• Dec 27,2024

Companies Act Section 22

Companies Act Section 22: Execution of Bills of Exchange, etc.

Section 22 of the Companies Act delineates the procedures and regulations governing the execution of financial instruments such as bills of exchange, hundis, and promissory notes on behalf of a company. 

This section ensures clarity regarding the authority under which such instruments can be executed, and it outlines the implications of such executions. 

Below is a detailed explanation of the provisions contained in this section.

1. Execution of Financial Instruments

a. General Rule

According to the general rule outlined in this section, a financial instrument such as a bill of exchange, hundi, or promissory note is considered to have been made, accepted, drawn, or endorsed on behalf of a company when it is executed in the name of the company or on behalf of the company by any individual acting under the authority of the company. 

This authority may manifest in two forms:

Express Authority: 

This refers to situations where the authority is clearly stated, either in written form or verbally. 

It is unambiguous and leaves no room for interpretation regarding who is authorized to act on behalf of the company.

Implied Authority: 

In some instances, the authority may not be explicitly stated but can be inferred from the actions or circumstances surrounding the execution of the instrument. 

For example, if an individual has consistently acted on behalf of the company in financial matters, such actions may be construed as granting them the authority to execute financial instruments, even if this authority has not been formally documented.

2. Authorization of Attorneys

a. Authority by Common Seal

A company has the option to empower an individual as its attorney to execute deeds on its behalf. The nature of this authorization can vary:

General Authorization: 

This type of authorization is broad and covers a wide range of matters, allowing the attorney to act on behalf of the company in various capacities.

Specific Authorization: 

In contrast, this authorization is limited to particular matters, meaning that the attorney's power to act is confined to specific transactions or decisions.

b. Location of Authority

The authorization of an attorney can pertain to actions taken either within India or outside India, allowing for flexibility in business operations, especially for companies engaged in international transactions.

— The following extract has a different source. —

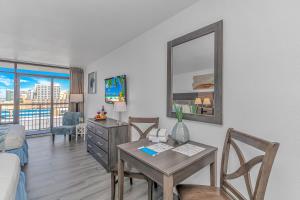 a living room with a desk and a table with chairs at Ocean View Studio Landmark 907 in Myrtle Beach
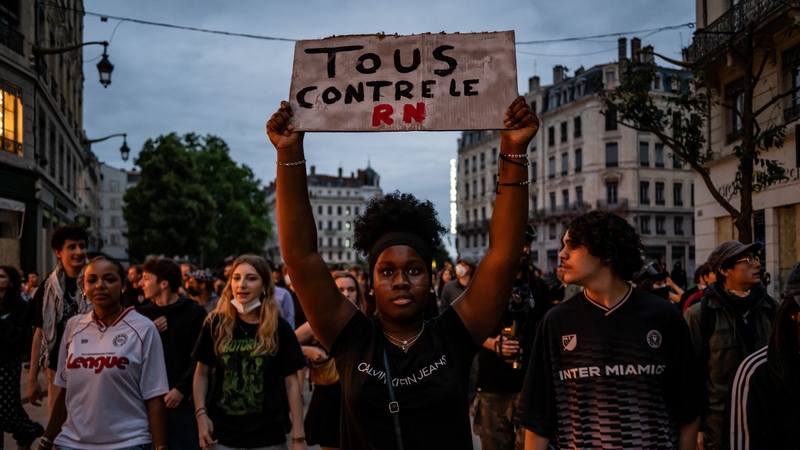 A protester holds a sign at a demonstration which says 'all against the National Rally' in French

c. Common Seal Requirement

If the company possesses a common seal, any authorization must be executed under this seal. 

The common seal serves as a formal mark of the company and provides an additional layer of authenticity to the documents executed.

d. Without Common Seal

If the company does not have a common seal, the process for authorization must follow specific protocols:

Two Directors: 

In the absence of a common seal, the authorization must be signed by two directors of the company. 

This requirement ensures that there is a collective agreement from the company's leadership regarding the authorization.

A Director and the Company Secretary: 

In cases where a Company Secretary has been appointed, the authorization may be executed by a director alongside the Company Secretary. 

This provision recognizes the role of the Company Secretary in corporate governance and adds another layer of oversight to the authorization process.

3. Binding Nature of Authorized Deeds

a. Effect of Authorization

The deeds signed by an attorney, who has been duly authorized as described in this section and executed under the attorney's seal, will bind the company as if the company had executed the deed directly. 

This means that any actions taken by the attorney under the given authorization carry the same legal weight and implications as if the company itself had engaged in those actions. 

This binding nature of authorized deeds ensures that third parties can rely on the validity of the transactions carried out by the attorney, thus facilitating smoother business operations and legal compliance. 

It also underscores the importance of properly authorizing individuals to act on behalf of the company, as such actions will have direct legal consequences for the company.